Task requirements: Reproduce, from the lines below, exactly the stretch that begins at the line containing "Windscreen Washer Bottle" and ends at the line containing "HKM-730323 Dual Core", both included.

Data section:
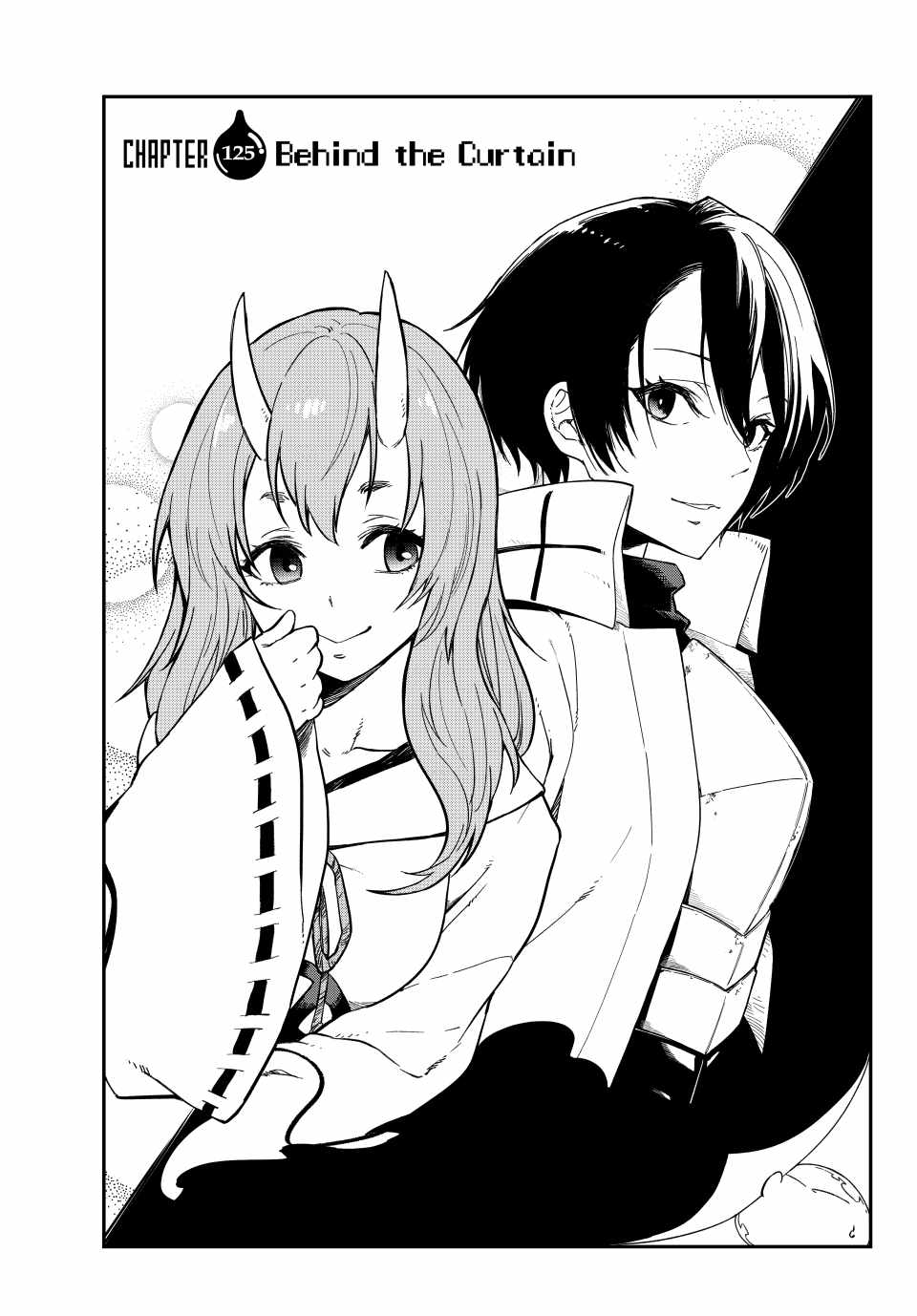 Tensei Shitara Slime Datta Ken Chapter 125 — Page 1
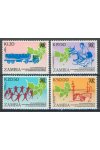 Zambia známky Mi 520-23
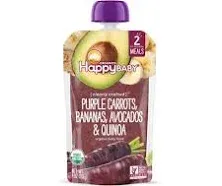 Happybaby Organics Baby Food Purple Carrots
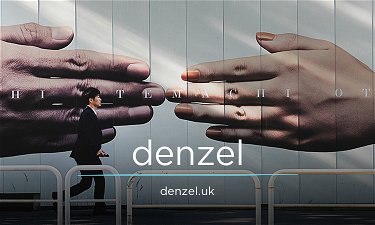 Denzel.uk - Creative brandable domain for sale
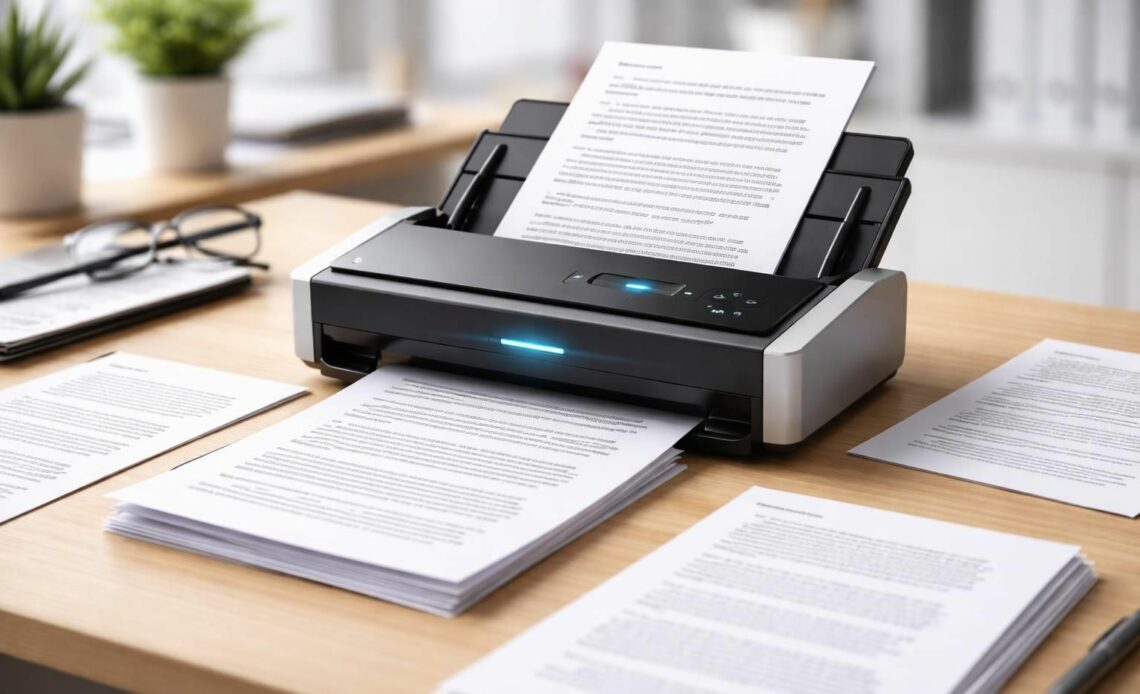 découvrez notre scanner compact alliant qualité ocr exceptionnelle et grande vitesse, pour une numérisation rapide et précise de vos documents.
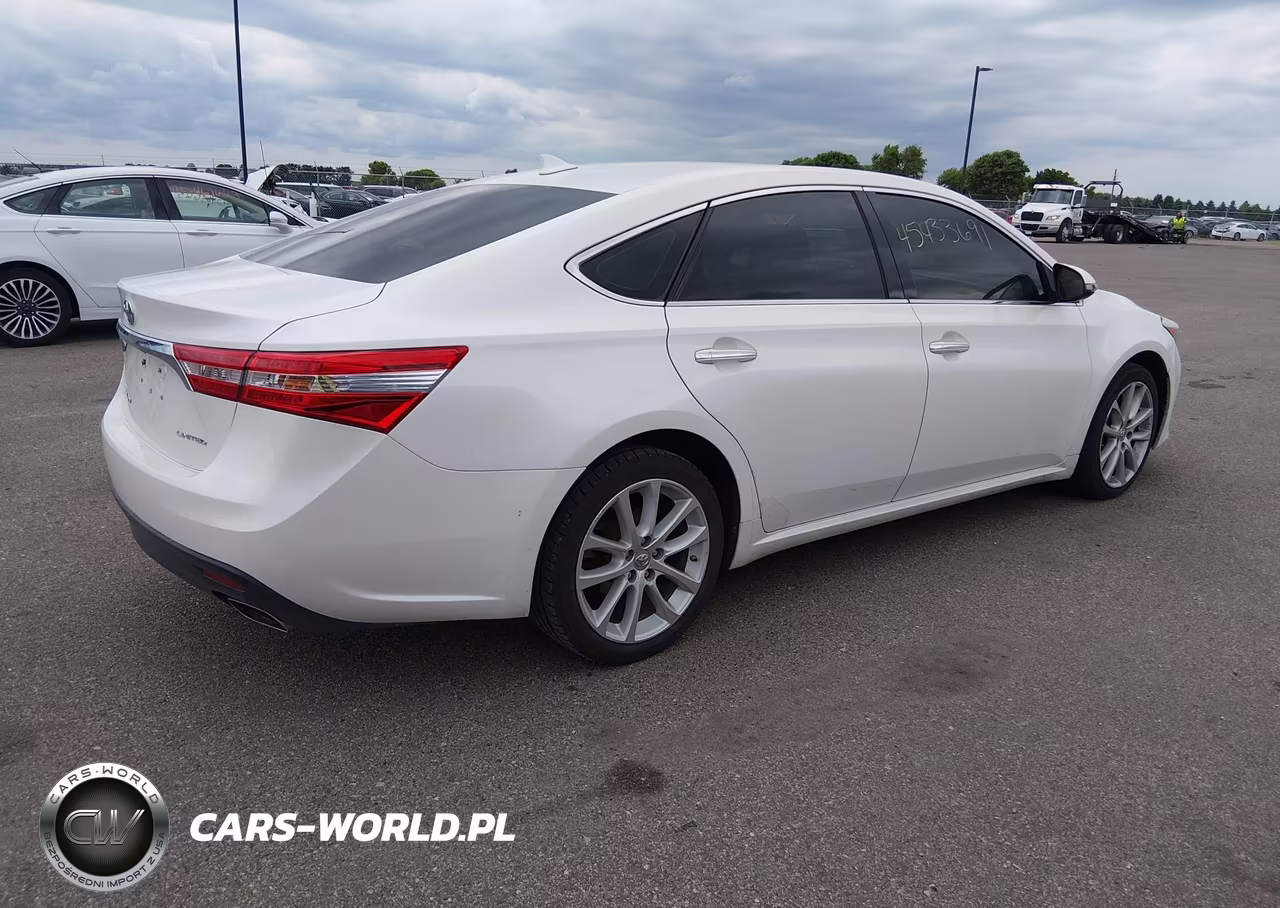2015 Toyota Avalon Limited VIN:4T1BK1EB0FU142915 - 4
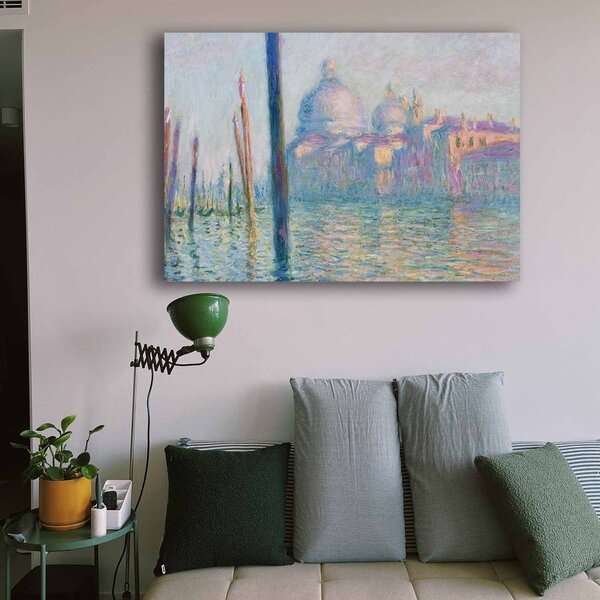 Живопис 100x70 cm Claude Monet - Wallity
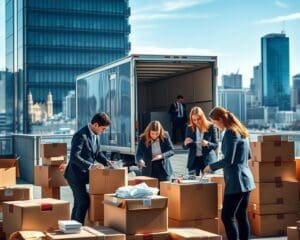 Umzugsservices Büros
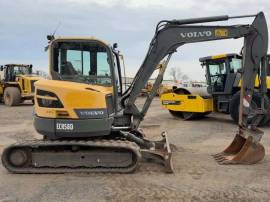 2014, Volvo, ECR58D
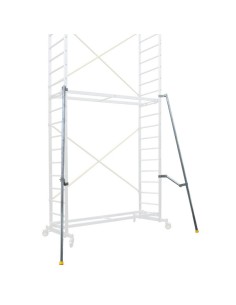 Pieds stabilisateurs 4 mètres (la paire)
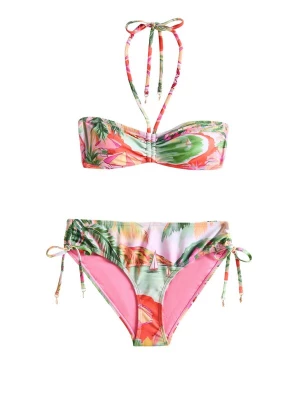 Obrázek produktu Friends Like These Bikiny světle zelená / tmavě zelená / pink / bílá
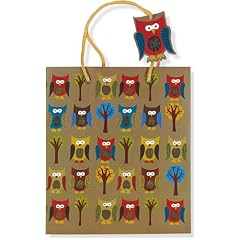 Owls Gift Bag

==

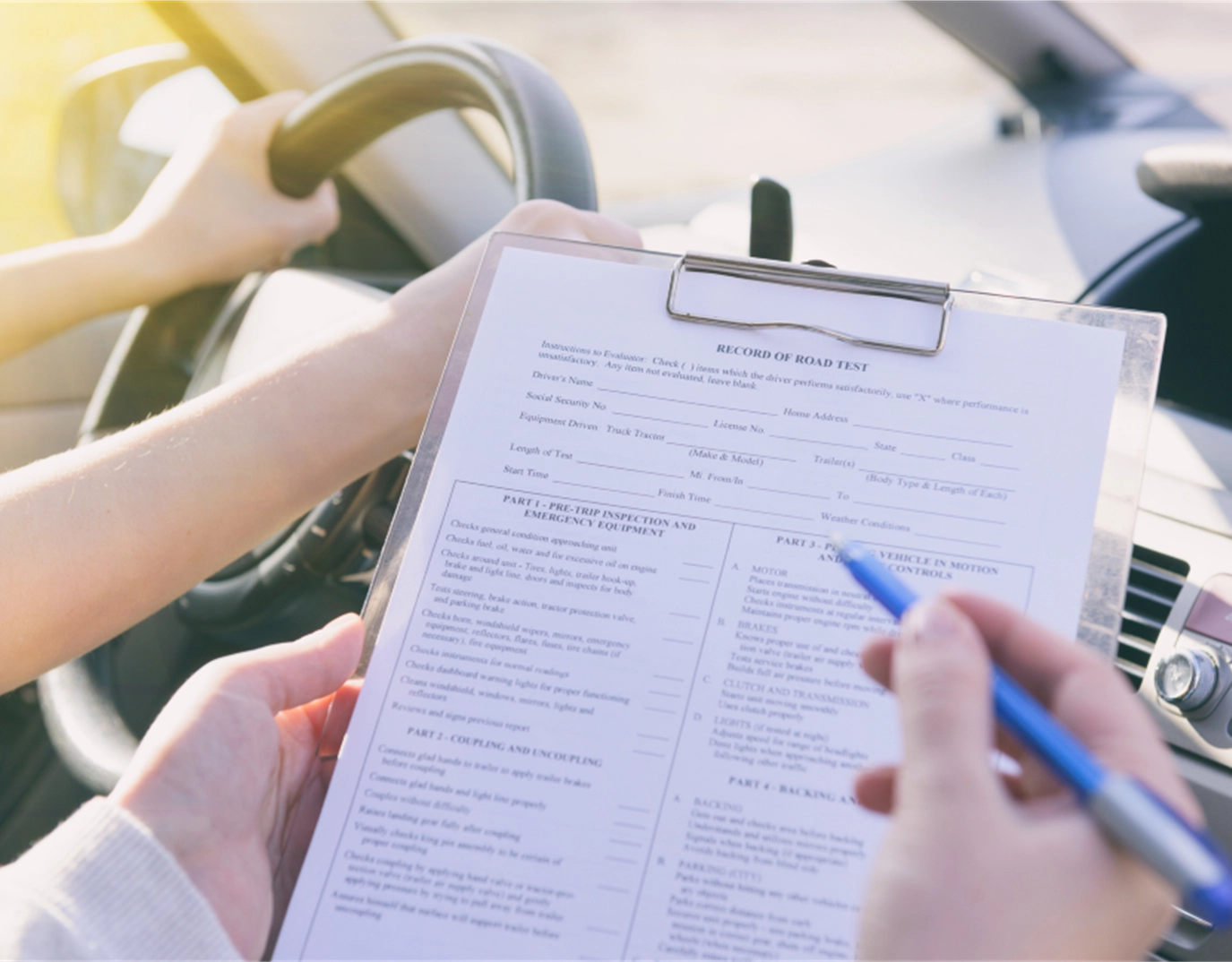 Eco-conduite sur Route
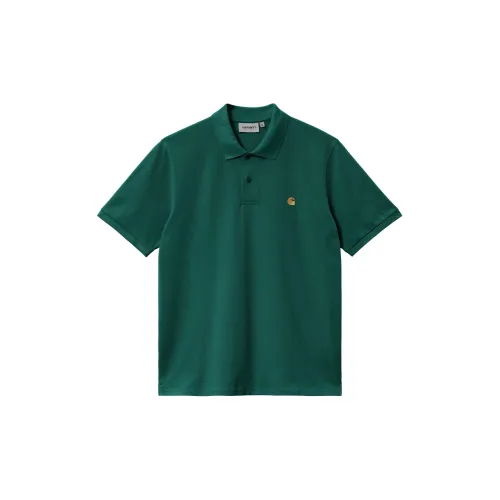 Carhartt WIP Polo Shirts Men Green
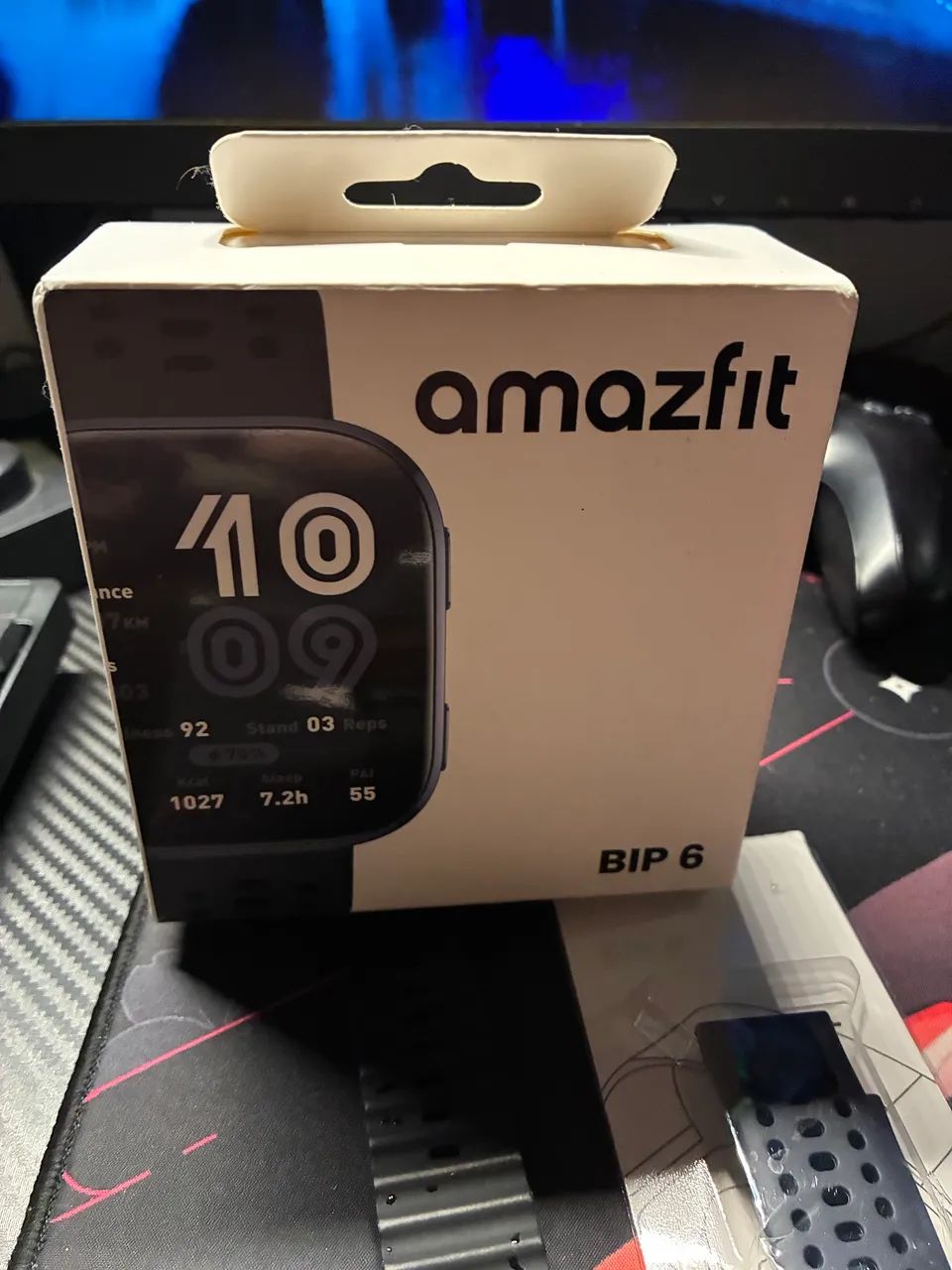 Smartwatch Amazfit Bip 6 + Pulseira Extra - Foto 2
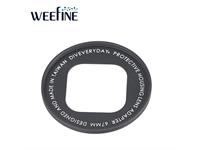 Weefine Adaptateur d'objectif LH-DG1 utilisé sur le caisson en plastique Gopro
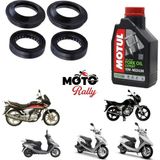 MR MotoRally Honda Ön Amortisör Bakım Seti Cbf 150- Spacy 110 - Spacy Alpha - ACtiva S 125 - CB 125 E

==

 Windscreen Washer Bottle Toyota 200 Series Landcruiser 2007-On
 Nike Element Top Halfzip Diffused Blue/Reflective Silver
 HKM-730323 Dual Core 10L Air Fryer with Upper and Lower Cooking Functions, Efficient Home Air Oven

Solution to this task:
 Windscreen Washer Bottle Toyota 200 Series Landcruiser 2007-On
 Nike Element Top Halfzip Diffused Blue/Reflective Silver
 HKM-730323 Dual Core 10L Air Fryer with Upper and Lower Cooking Functions, Efficient Home Air Oven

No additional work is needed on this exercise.